Sem instrumentos harmônicos ou melódicos tocados ao vivo, mas com presença de percussão em muitos momentos, a música do “Castelo” oscilava entre solos à capela, bases para canto solo ou coro e interferências vocais incidentais.  A base gravada, os atabaques quebrando tudo de lá “das sacadas dos sobrados da velha São Salvador” e o megafone usado no final, na rua, como que chamando o público para cantar em uníssono não a música em si, mas uma palavra de ordem que todos intuiam muito bem, conclamava o passado e o presente do centro histórico a olhar para nós mesmos:

Há no seio dessa arquitetura
Uma árvore invisível
Cujas ramas milenares
Se estendem até os nossos dias
Uma árvore cujas raízes profundas
Se alimentam de sangue e sêmen
Cujos galhos disformes se entrelaçam
Em arabescos de tortura e crime

Há no seio dessa arquitetura
Uma árvore invisível
De frutos amargos e híbridos
Gerados do encontro inexorável
Entre poderosos e oprimidos
Uma árvore cujas raízes
Se alimentam da memória e da luta

Há no seio dessa arquitetura
À sombra da genealogia dos D’Ávila
Com sua descendência proprietária assassina
Uma outra espécie de genealogia
Em que negras, índias mamelucas e mulatas
Cobertas pela lascívia do branco homicida
Fizerem gerar uma outra descendência
Que não se envergonha do seu anonimato
Que se orgulha de seu espólio bandido
Uma descendência que não existe apenas reparação
Uma descendência que exige igualdade

Há uma “voz” da qual talvez não tenhamos falado até agora.  Não é a voz do ator, não é a voz afinada no coro, a voz daquele personagem. Há uma voz no Vilavox que é seu discurso, seus temas, suas contradições.

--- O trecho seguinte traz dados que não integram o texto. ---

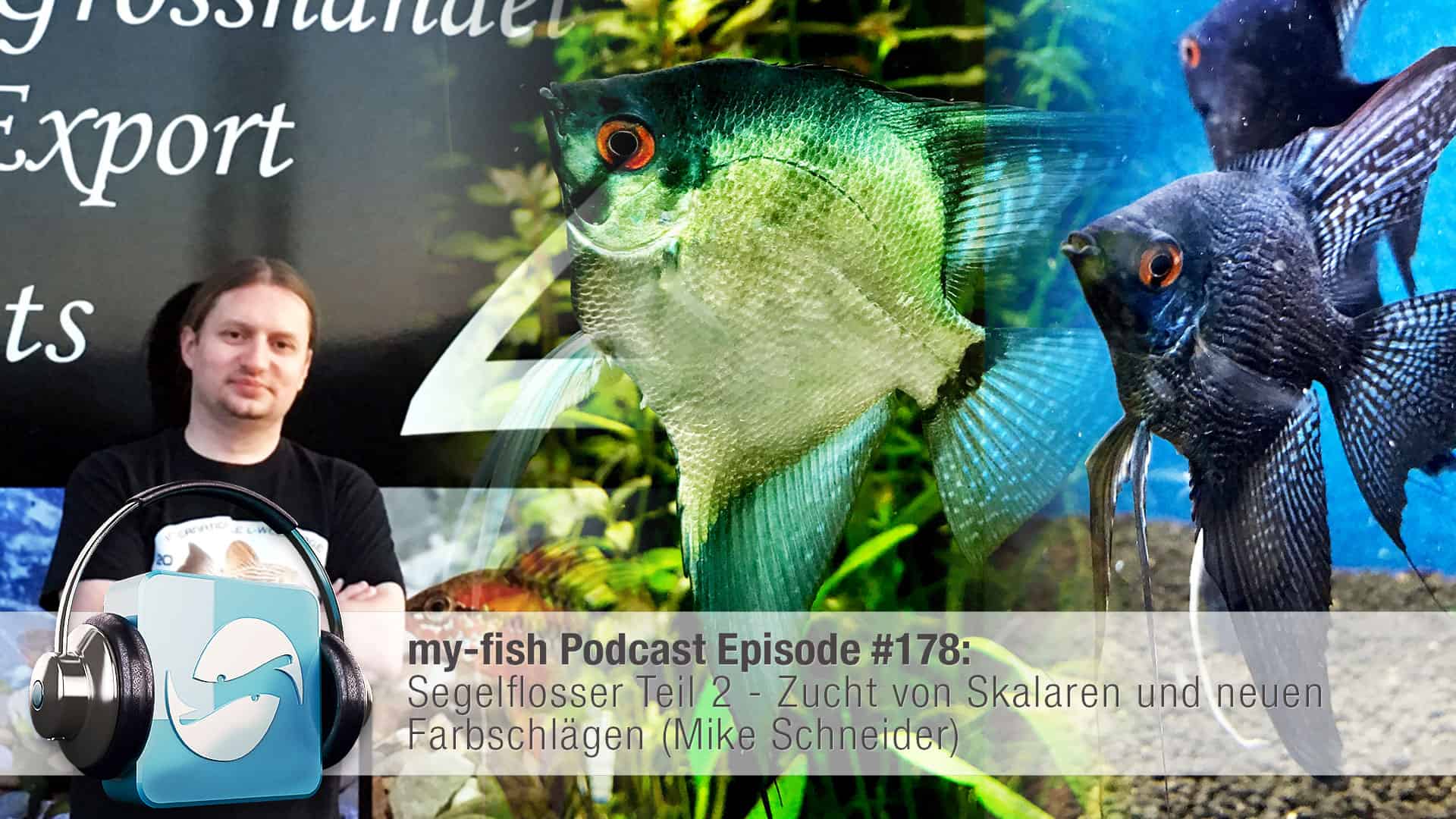 Podcast Episode #178:Segelflosser Teil 2 - Zucht von Skalaren und neuen Farbschlägen (Mike Schneider)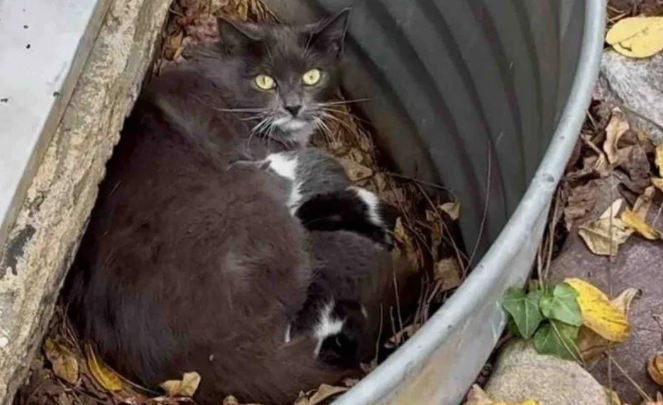 寒夜铁桶藏娇儿，流浪猫妈守护奇迹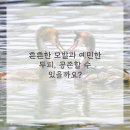 신비헤어 이미지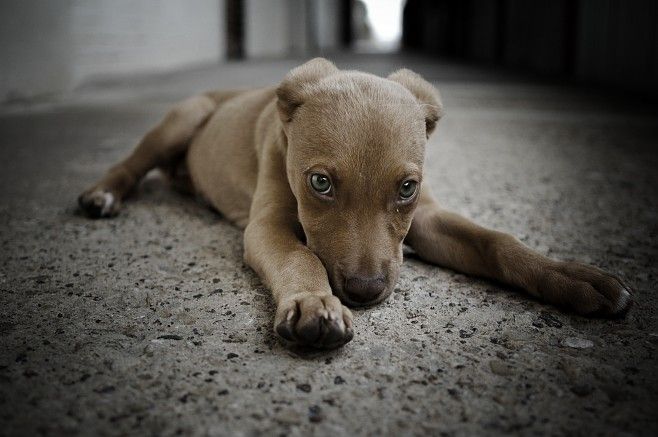 658x437, 47 Kb / щен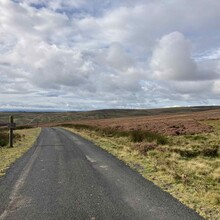 Alice Baird - The Herring Road (United Kingdom)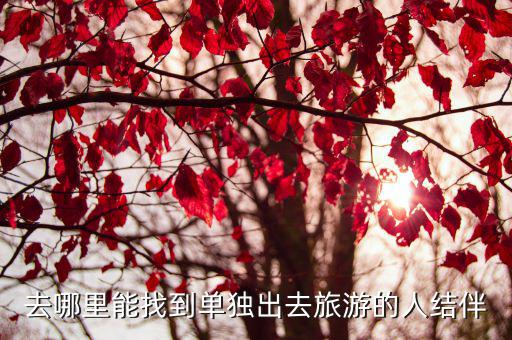 去哪里能找到单独出去旅游的人结伴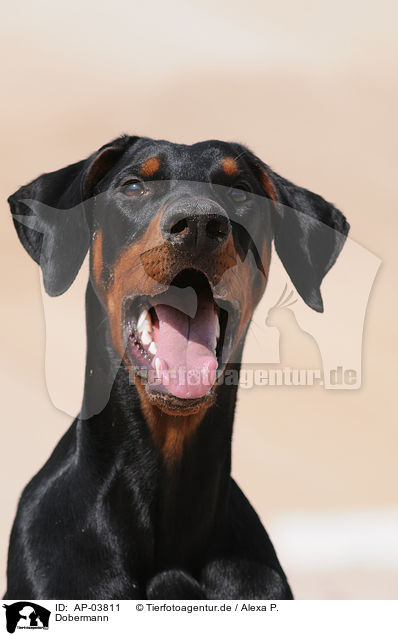 Dobermann / Doberman Pinscher / AP-03811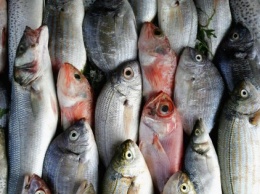 Вылов рыбы в Черном море за год подскочил на 41% - Госрыбагентство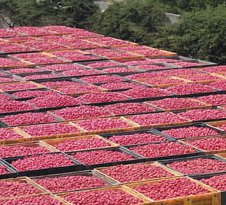 Pomodori in Val di Cornia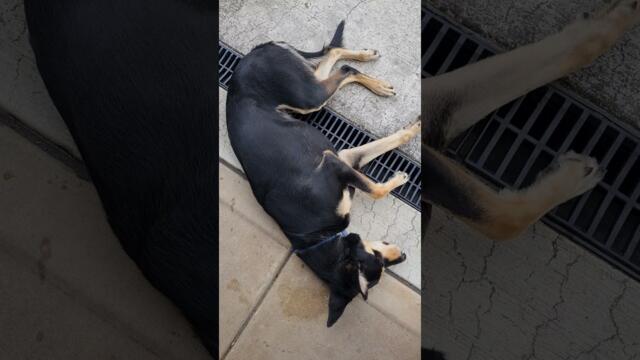 Dog seizure my poor dog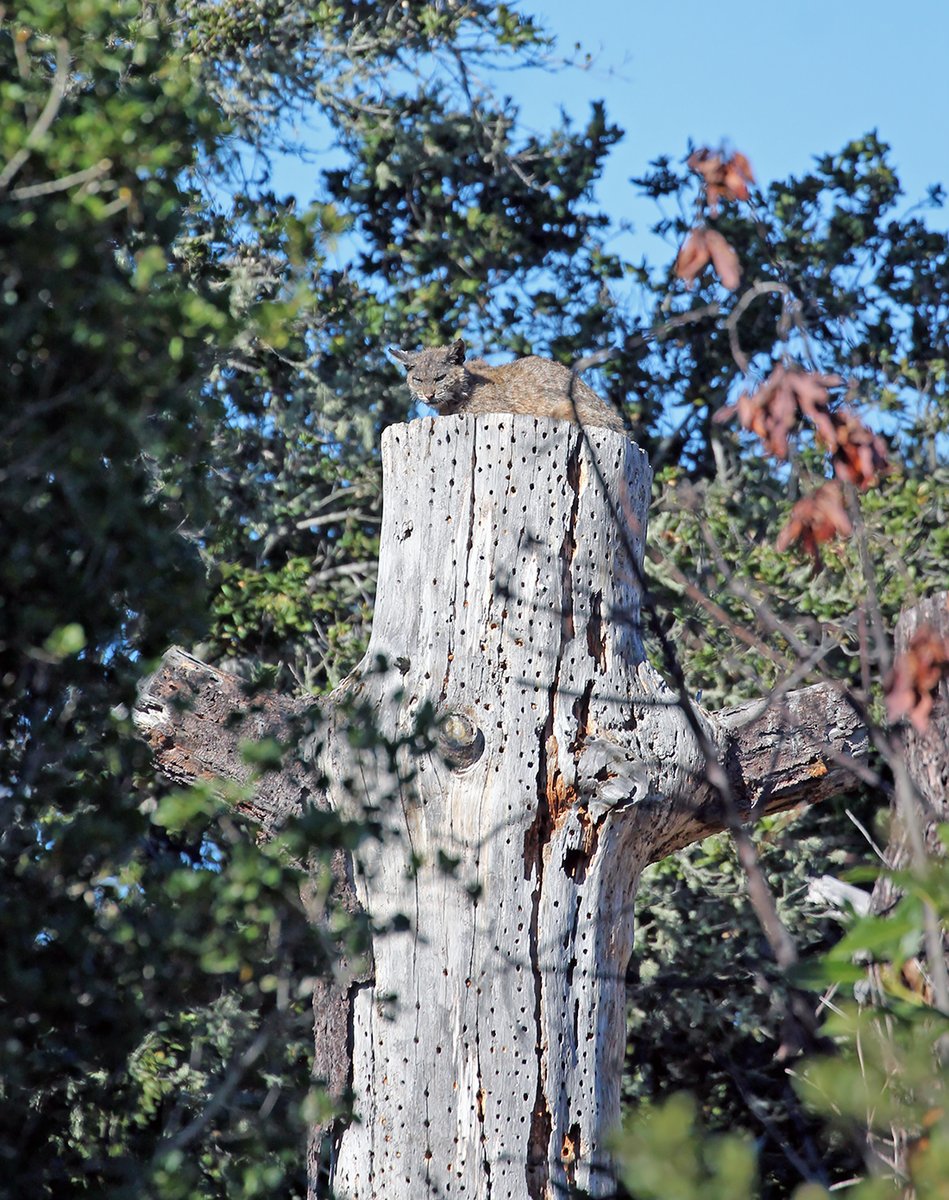 Santa Lucia Conservancy tweet media
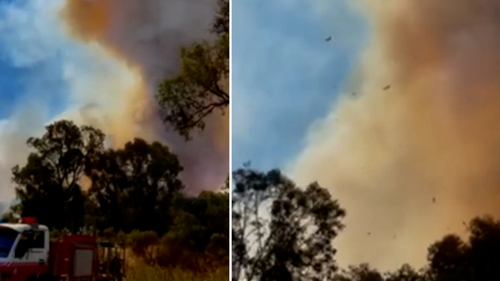Bushfire turns into tornado called fire-generated vortex in Cowra.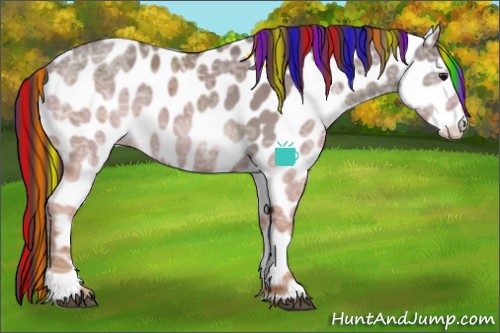 Horse Color:Painted Chocolate Grullo Ice Sabino Appaloosa Rabicano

Essa é a mais cara e a mais difícil de lidar, ainda que muitas vezes muito fácil de identificar. A partir do Castelo da Torre o grupo se defrontou com a dificuldade, maior talvez do que todas aos outras vezes, de achar o que em nós nos “afinava”. Escolhas foram feitas ao longo desses quase 18 anos e seguimos colocando sempre nossas obras na frente de tudo.  Ela, a obra, precisa ser o resultado daquilo que “queríamos falar”. Que assim seja.